# Spring Leagues?



## Footbollah (Mar 19, 2019)

I just learned that South Bay PDL will not be running this year. What spring leagues are other clubs doing in the South Bay/LA/SFV area?


----------



## jpeter (Mar 19, 2019)

Fallout for the galaxy sb breakup I guess?

Didn't state age groups so I assume younger?

Kind of late in the process but try

PSSLU Spring League : 
https://events.gotsport.com/forms/app/Default.aspx?eventid=71416&fbclid=IwAR3dTsMroffYYyNDjZH-GSk_CwGIgAVTZckvN3W_7_aqJh6Vld4uf7jQmVA







HPFL Spring League  but they might have already started 
https://events.gotsport.com/forms/app/Default.aspx?EventID=72492&fbclid=IwAR3QBKeLeFAHvRmN2LK6ykTZSl-0wSiIW-vOLrX04o45hi--5uXpipSXp6Q


----------



## Eric the Actor (Mar 19, 2019)

Footbollah said:


> I just learned that South Bay PDL will not be running this year.
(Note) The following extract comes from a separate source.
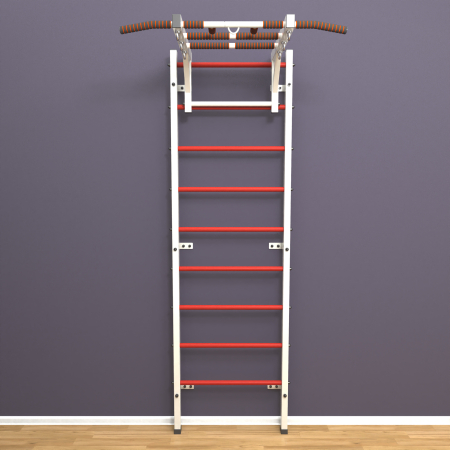картинка Шведская стенка «LittleSport» Л Белый красные ступени от магазина Лазалка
What spring leagues are other clubs doing in the South Bay/LA/SFV area?


I do not see anything on South Bay PDL Website.  Do you have link or something that you can share showing that it is not running this year?


----------



## Barse Alona (Mar 19, 2019)

We're in the same boat. Small club, west side, did the SBPDL in previous years. I'm putting together a list of spring leagues for our coaches, which I'll share once I have it done.


----------



## Footbollah (Mar 19, 2019)

jpeter said:


> Fallout for the galaxy sb breakup I guess?
> 
> Didn't state age groups so I assume younger?
> 
> Kind of late in the process


I'm guessing yes; yes, 2005 and below; and yes--it's late, and most other spring leagues I've found have already started.


----------



## Footbollah (Mar 19, 2019)

Eric the Actor said:


> I do not see anything on South Bay PDL Website.  Do you have link or something that you can share showing that it is not running this year?


Our team registered, got a confirmation, then last night got this e-mail:

Good evening,

Unfortunately we have had to cancel SBPDL 2019 due to some unforeseen circumstances that make it unfeasible to go forward with running the league this year. We deeply apologize for this and hope that it will not cause too much inconvenience. 

The league will return in 2020 and we hope to see you then!

If you have any questions please feel free to contact me via email or by phone at [phone deleted for privacy].  

Thank-you for your understanding.

Sam Croucher.​Blake George (who had run it in prior years and left LAGSB for Steel) and Tim Summiel (at Steel--not sure if he was involved in SBPDL or LAGSB before) are still listed as contacts for SBPDL. I don't think I've run across Sam Croucher before.


----------



## Kicker4Life (Mar 19, 2019)

Check out WLA5 leagues.  Great 5v5 games in a street soccer format.  

Www.wla-fb5.com


----------



## Art (Mar 19, 2019)

So cal futbol circuit


----------



## rainbow_unicorn (Mar 20, 2019)

jpeter said:


> HPFL Spring League  but they might have already started
> https://events.gotsport.com/forms/app/Default.aspx?EventID=72492&fbclid=IwAR3QBKeLeFAHvRmN2LK6ykTZSl-0wSiIW-vOLrX04o45hi--5uXpipSXp6Q


HPFL is best bet for south bay/LA area.  I think you can join even if league has already started...reach out to German at the link above.  Nice turf fields, reasonable price.  Downside is that schedules are not posted until mid-week for the weekend's games.  I think PSSLU is a similar league but a little further southeast.


----------